═══ Given information

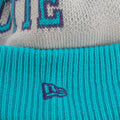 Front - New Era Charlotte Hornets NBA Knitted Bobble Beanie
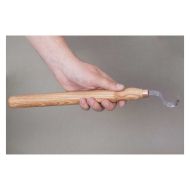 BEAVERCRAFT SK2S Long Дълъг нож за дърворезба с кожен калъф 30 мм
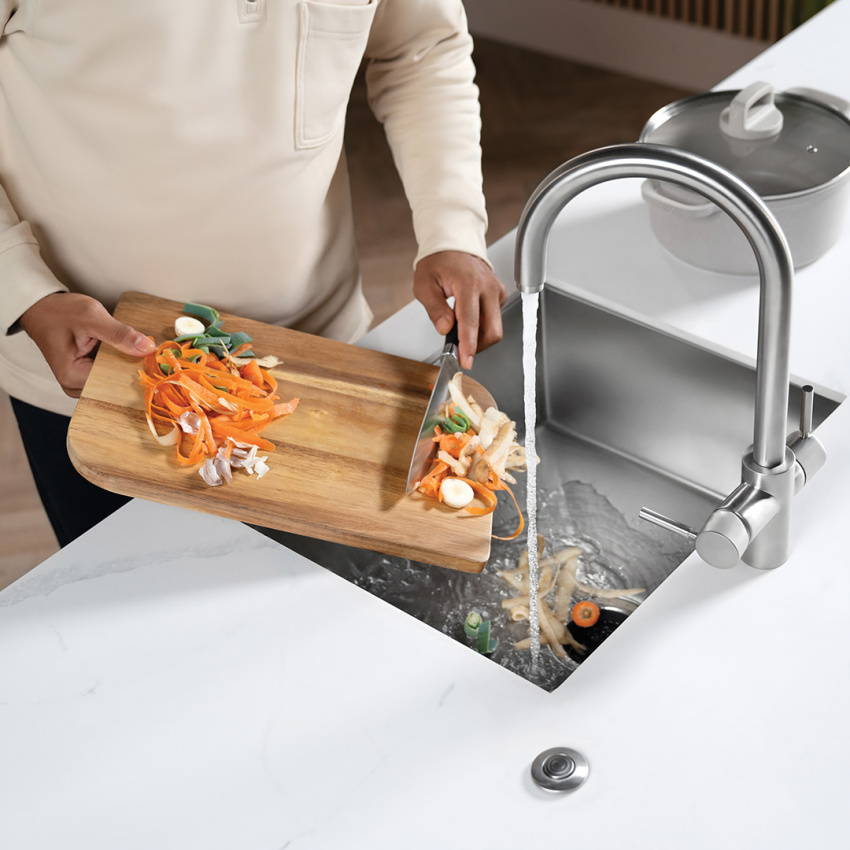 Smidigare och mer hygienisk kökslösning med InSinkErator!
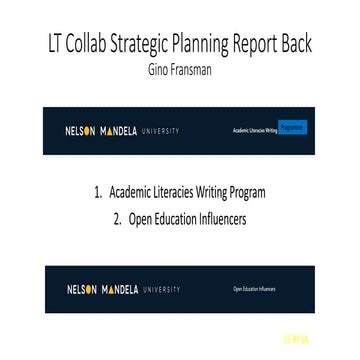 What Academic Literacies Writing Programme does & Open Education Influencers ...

══════

■ About this exercise
Your answer must be only the lines from the one that holds "BEAVERCRAFT SK2S Long" to the end of the listing, each restated word for word, with both ends kept and pictures left out.

■ Task solution
 BEAVERCRAFT SK2S Long Дълъг нож за дърворезба с кожен калъф 30 мм
 Smidigare och mer hygienisk kökslösning med InSinkErator!
 What Academic Literacies Writing Programme does & Open Education Influencers ...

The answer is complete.